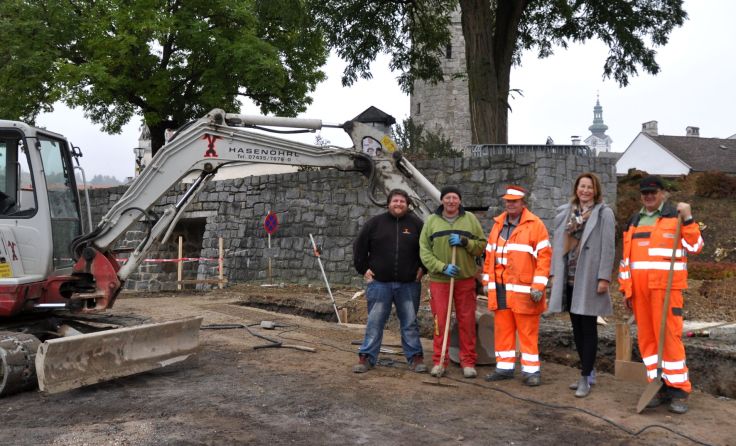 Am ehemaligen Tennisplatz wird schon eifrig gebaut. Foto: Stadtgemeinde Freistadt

==

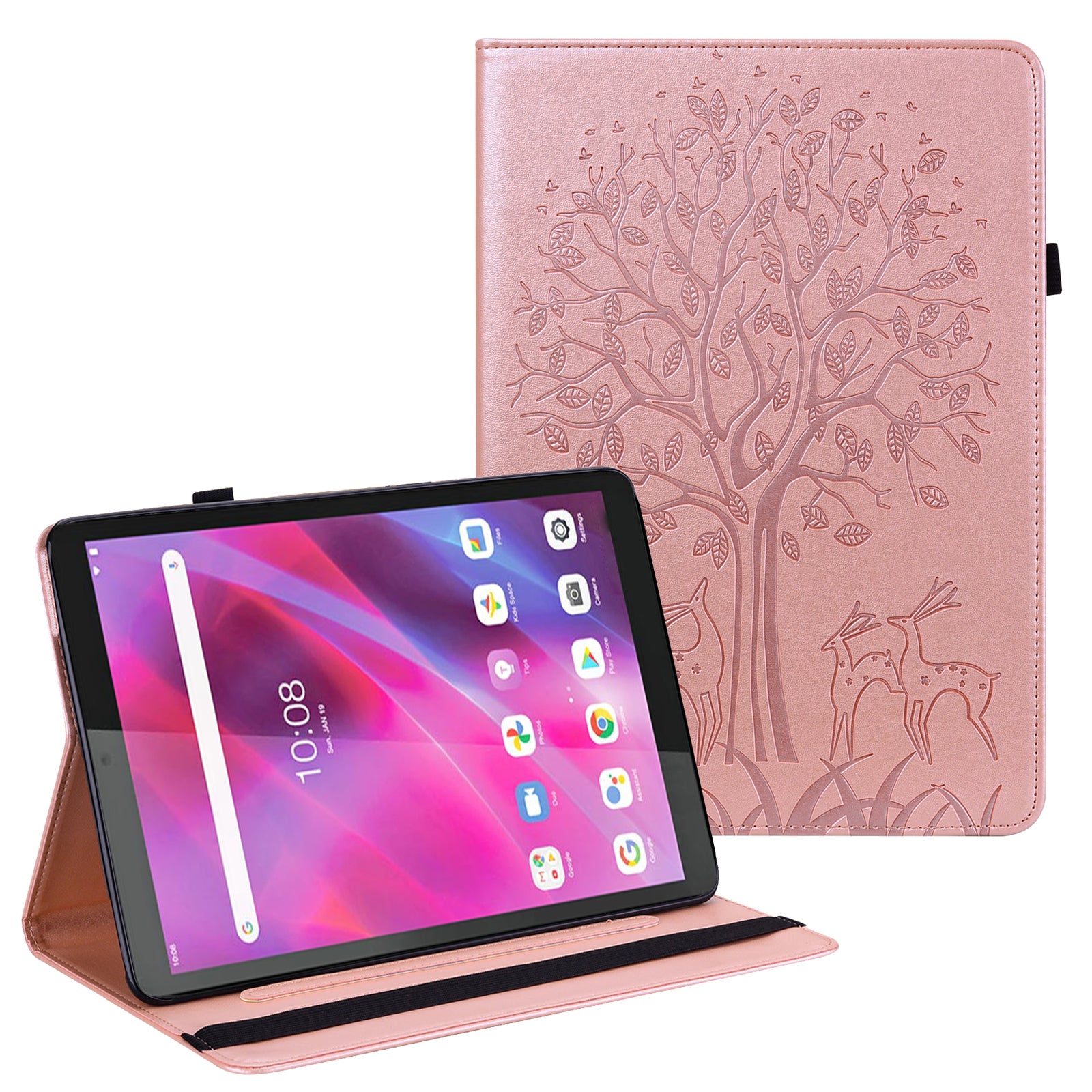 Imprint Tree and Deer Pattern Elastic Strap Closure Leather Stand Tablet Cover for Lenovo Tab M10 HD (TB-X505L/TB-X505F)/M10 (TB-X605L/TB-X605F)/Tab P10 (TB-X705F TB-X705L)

* * *

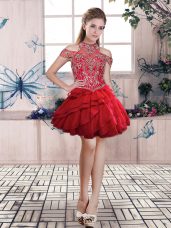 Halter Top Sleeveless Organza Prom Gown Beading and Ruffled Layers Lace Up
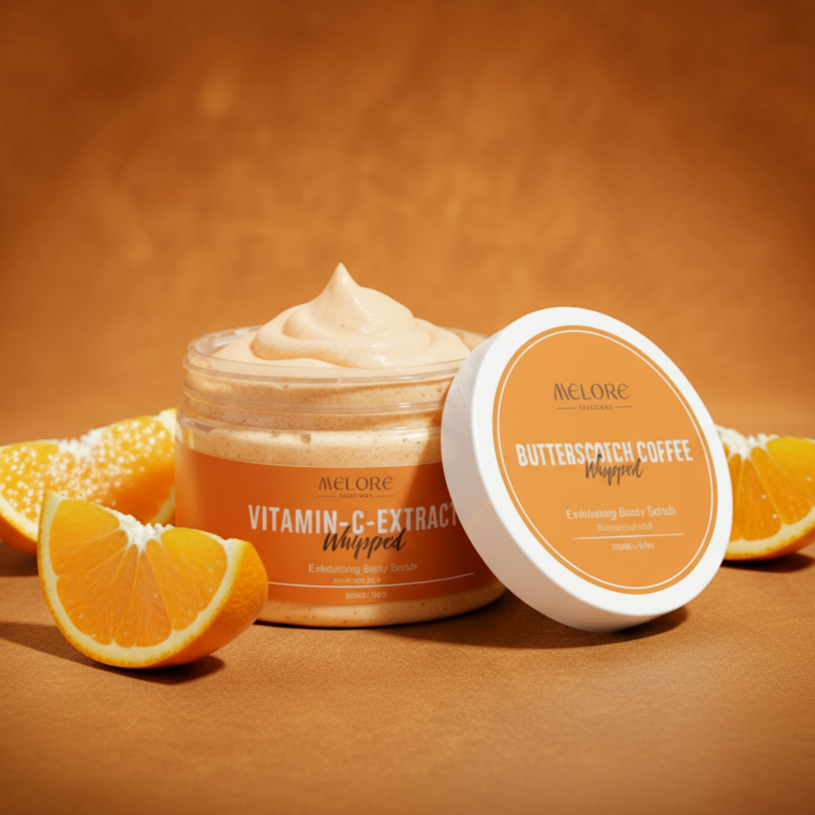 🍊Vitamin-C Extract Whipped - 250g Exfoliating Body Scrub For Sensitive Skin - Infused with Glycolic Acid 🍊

→ **About this exercise**: In the listing above, find the line with "Halter Top Sleeveless" and the line with "Glycolic Acid 🍊". Copy exactly those two and every line between, without the pictures.

→ **Problem solution**:
 Halter Top Sleeveless Organza Prom Gown Beading and Ruffled Layers Lace Up
 🍊Vitamin-C Extract Whipped - 250g Exfoliating Body Scrub For Sensitive Skin - Infused with Glycolic Acid 🍊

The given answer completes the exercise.